第43話

朝、学校で柊先輩を呼び出した。


「昨日は、勝手に帰ってごめんなさい」

「俺の方こそ、傷つけるようなこと言ってごめん」


違う。傷ついてなんかない。

だって、


「私、本当は嬉しかったの」

私は小さな声で言った。


「え?」

柊先輩は驚いた表情を見せた。


「本当は分かってた。柊先輩は私のことを思ってあぁ言ってくれたってこと」

私は目を伏せた。


「もちろん心桜のためもあるけど…俺が、心桜のそばにいたかったんだ 」


柊先輩もそう思ってくれてたんだ。


「そっか、」


「心桜の言う通りだった」

柊先輩は自分を責めるように言った。


「え?」

私は驚いて柊先輩を見つめた。


「心桜のお願いは聞かなかったのにわがままだったよね。
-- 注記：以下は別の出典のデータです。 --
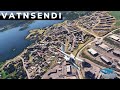 Fs2020  vatnsendi iceland mods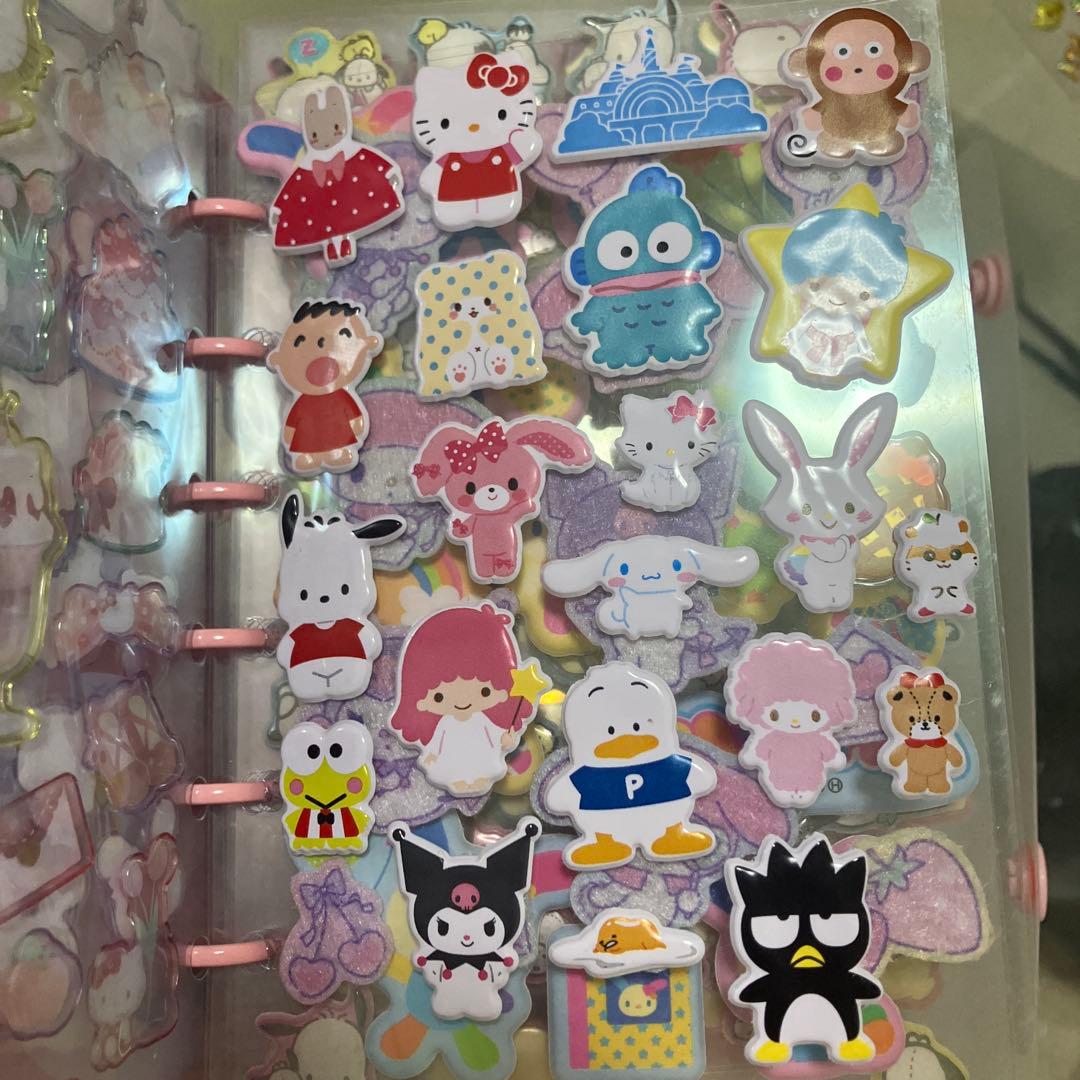 シール帳　まとめ売り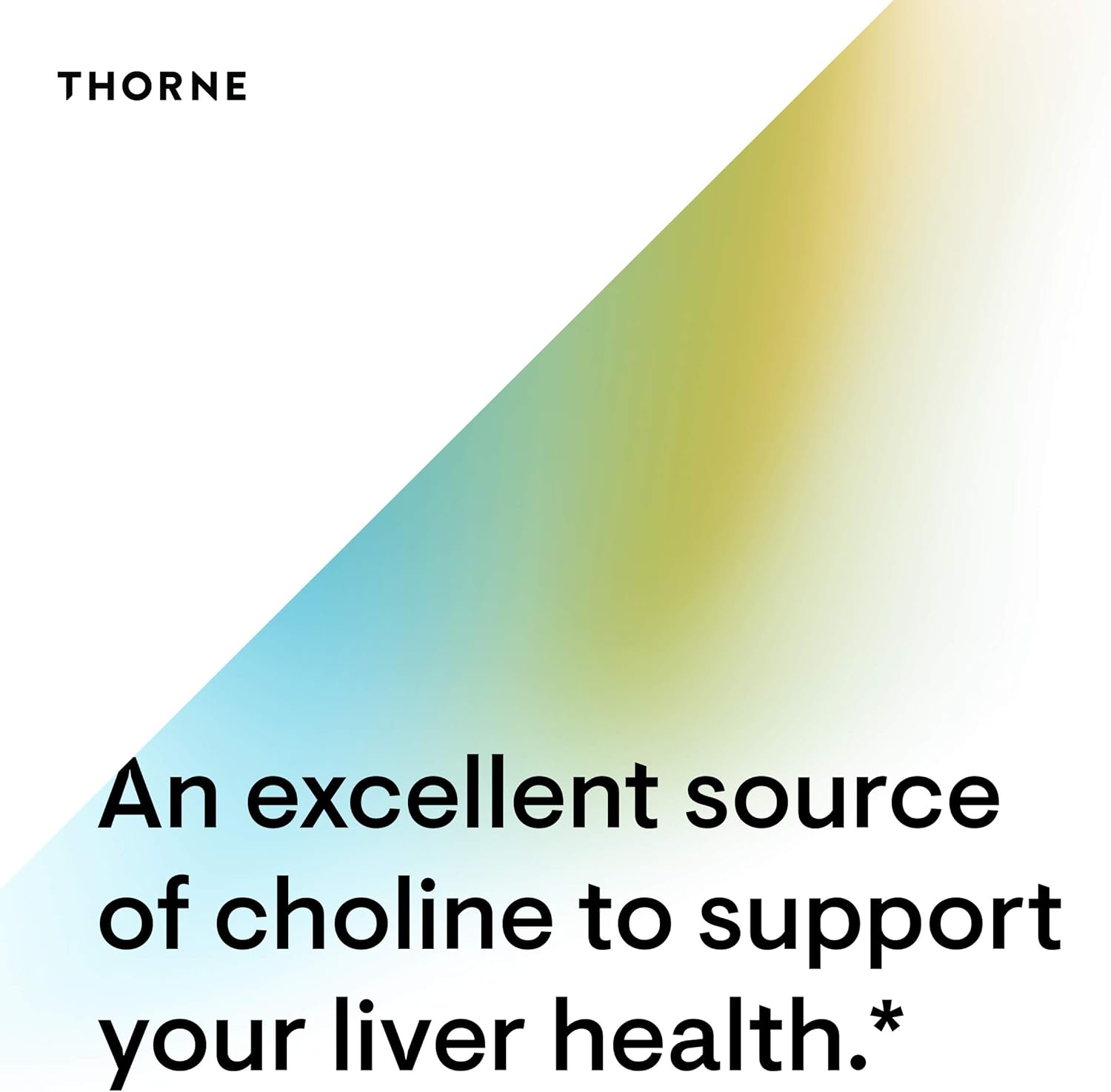 THORNE Phosphatidyl Choline - Phospholipid Complex for Cell Membrane Support - 60 Gelcaps : Health & Household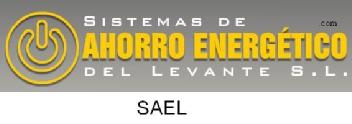 SISTEMAS DE AHORRO ENERGETICO DEL LEVANTE, S.L.COM SAEL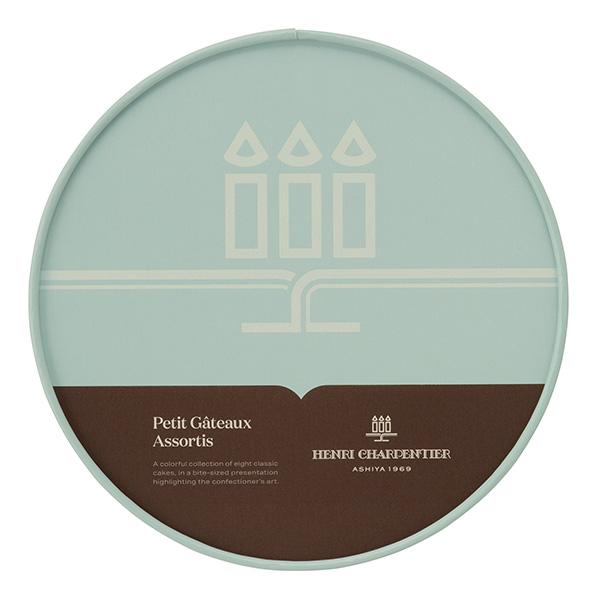 アンリ・シャルパンティエ プティ・ガトー・アソルティ 36個入【おいしいお取り寄せ】　商品画像2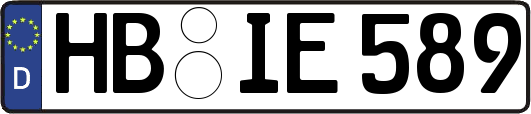 HB-IE589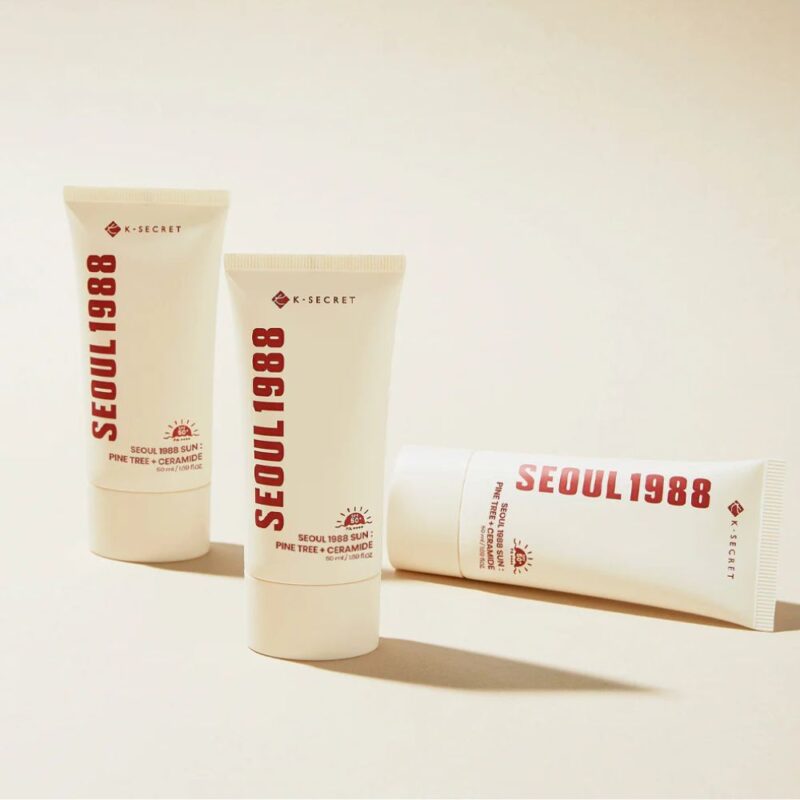 KSECRET Seoul 1988 Sun Pine Tree + Ceramide (1)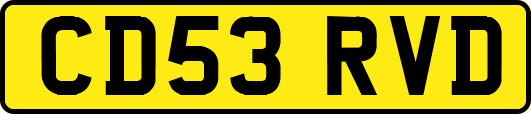 CD53RVD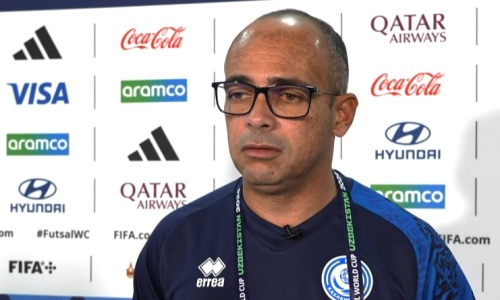 Кака оценил шансы Казахстана на победу в матче с Испанией на ЧМ-2024 по футзалу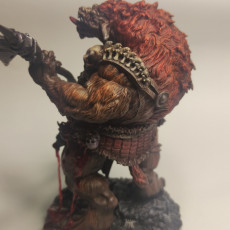 Picture of print of Gnoll Ettin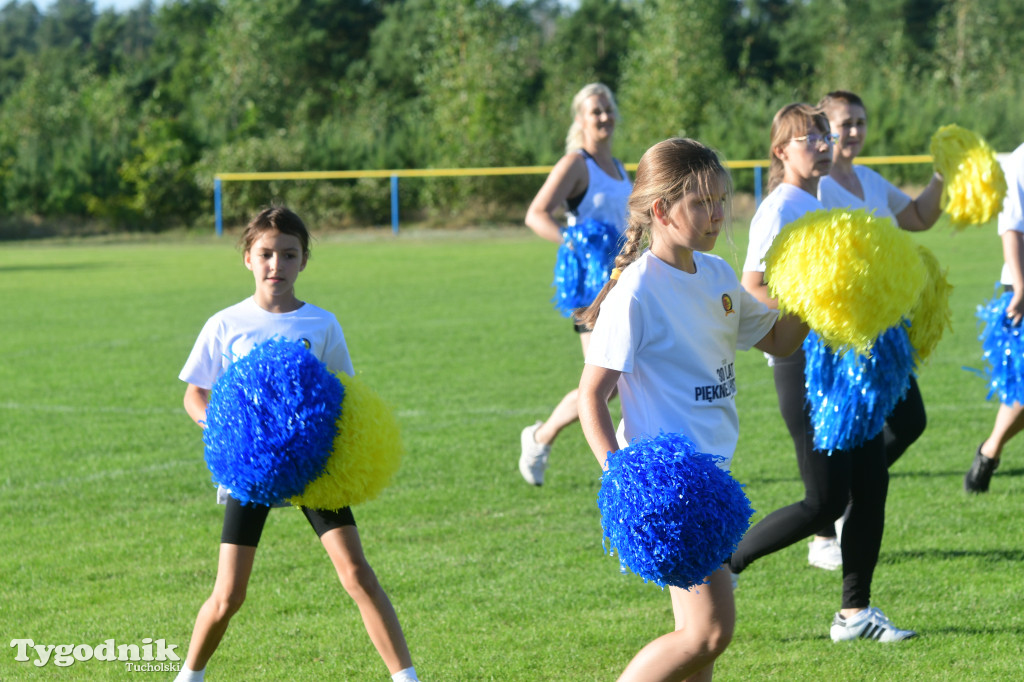 30-lecie Rawysa! Mecz pokazowy, cheerleaderki, gala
ごめん」

柊先輩は深く息をついた。


昨日のこと、、

そりゃ、気にするよね。


「でも、急にどうして一緒にいたいなんて」


「それは…」

柊先輩は言葉を探しているようだった。


「何?」


なにか隠してるように見えるけど、


「心桜が、」

柊先輩は一瞬ためらった。


「私?」


「心桜が…寂しい思いしてるって分かって、すごく反省した。それと、」

柊先輩の声は少し震えていた。


「それと?」

私は息を飲んだ。


「その、俺も、心桜と同じになって初めて、気づいたんだ。心桜がどんな気持ちだったのか。それでさらに反省した」


柊先輩の目には真剣さが宿っていた。


私と同じ気持ち…?

それって、


「私と同じ気持ちって、寂しかったってこと、?」

私は涙がこぼれそうになった。


私が咲月とか遥希くんとずっと一緒にいたから…?

距離を置く前から避けてたから、?


「ごめん。ほんとは俺がこんなこと言う権利ないよね」


柊先輩は自分を責めるように言った。


「どうして?」

私は首をかしげた。


柊先輩にだって寂しいって言う権利はある。


「だって先に寂しくさせちゃったのは俺の方だし」柊先輩の言葉に、私は胸が痛んだ。


「ごめんなさい」


「え?なんで心桜が謝るの」

柊先輩は驚いた表情を浮かべた。


「寂しい思いさせて、私もごめん」

私は涙をこらえながら言った。


柊先輩の気持ちに気づいてあげられなかった。

自分のことばっかりだった。


「いや、俺が悪いよ」

「ちゃんと気持ちを伝えなかった私も悪い」


あの時、寂しいって正直に言ってたら、ここまで大事にはならなかった。


「心桜、」


「あの後、考えたんだ。私は柊先輩が変わってくれないかなって期待してたけど、それは私も一緒だった」


咲月は変わらなくてもいいんじゃないって言ってくれたけど、ずっとモヤモヤしてた。


「どういうこと、?」


「変わらないといけないのは私も一緒だった」


私は真剣な眼差しで柊先輩を見つめた。